28 June 2016

It's the hub, not the trains.


Minister of Transportation Steven Del Duca is going to be in St. Catharines today to make the announcement that sometime in the future, a GO Rail line from West Harbour station in Hamilton to Downtown Niagara Falls will be a reality, and the initial run will feature two morning rush hour trains from Niagara Falls and then one train shuffling between St. Catharines and Hamilton until two evening rush hour trains cross the canal to Niagara Falls.

The announcement will not be specific, of course. But with all the consultants and all the give and take with Metrolinx, and the St. Lawrence Seaway, and CN, and whoever else; that will be the end result, eventually. The last time the mayors and CAOs were in front of the public, with the April 2015 business plan, the plan was to fire off two five car trains from Niagara Falls in the morning, park one at the siding at Lewis Road, and run the other one back and forth from West Harbour to St. Catharines. The other train would run back to the Falls for the afternoon rush, and park there to do it all again the next day. If buses were eliminated completely to save operating costs (which was actually proposed in that document), then NF service would go from a robust 35 trips a day with the current bus schedule to 4 trips per day (and at a higher cost).

Besides proposing to completely ditch the robust GO bus system that already comes to Niagara Falls, the April 2015 business plan also had the most disgusting of all station possibilities: there were 355 surface parking spaces proposed, in an area a previously requisitioned Community Improvement Plan suggested some sort of fitness centre/arena be placed. To make it worse, the business case predicted a peak parking demand of 85 vehicles for all-day service in 2031. 355 surface parking spaces was a guaranteed parking crater in an area that really needs something positive to happen.

The potential upside of the plan is in the hands of the latest set of consultants, hired to make recommendations about the station areas regarding placemaking, multimodality, pedestrian priority, complete & livable communities, and density and diversity. In short, everything that is lacking in Niagara is in the scope of this consulting team.

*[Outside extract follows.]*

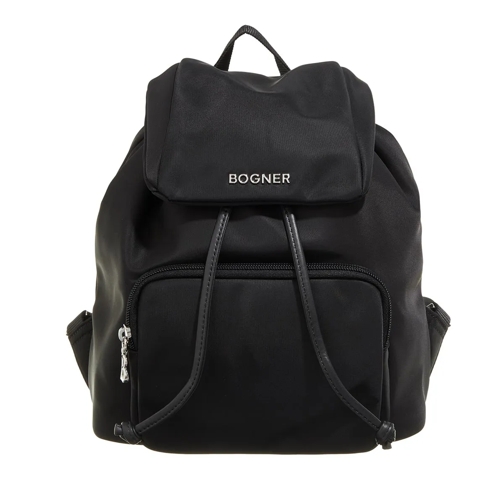 Bogner Klosters Feline Backpack Svf Black Rugzak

GO stations in places like Bowmanville can be big parking lots that swallow cars driven by individuals in ridiculous subdivisions, because no one ever has ever said, “When we go to Canada, we have to go to Bowmanville!” In Niagara Falls, we are blessed with geography that brings 10 million visitors notwithstanding the many failings of the city in placemaking, the arts, walkability, or just about any advantage a strong urban society can offer. A GO Station here should be a destination in itself, and a hub to other transportation options in the city, like the robust WeGO system. There is no shared system of fare payment in Niagara that uses a smartcard; a stronger Metrolinx presence here will ensure that Presto can be used on local systems as well as GO. A signature mobility hub can bring modern urban ideas to a place that desperately needs them, in addition to being the centre of public transportation in Niagara Falls encompassing Niagara Transit, Niagara Regional Transit, WeGO, and GO.

If GO rail comes, replaces the bus service, and proves to be an engine for 85 people to drive from their stupid subdivision to park and ride immediately to West Harbour station and then on to Toronto then it will have been a huge failure and a waste of the small amount of resources thrown at it. It will also have been a drastic reduction in service. If GO rail comes and brings with it a modern mobility hub; maintains the existing bus service; centralizes transportation services; makes Presto the universal payment method; and promotes intensification; it can actually be something great.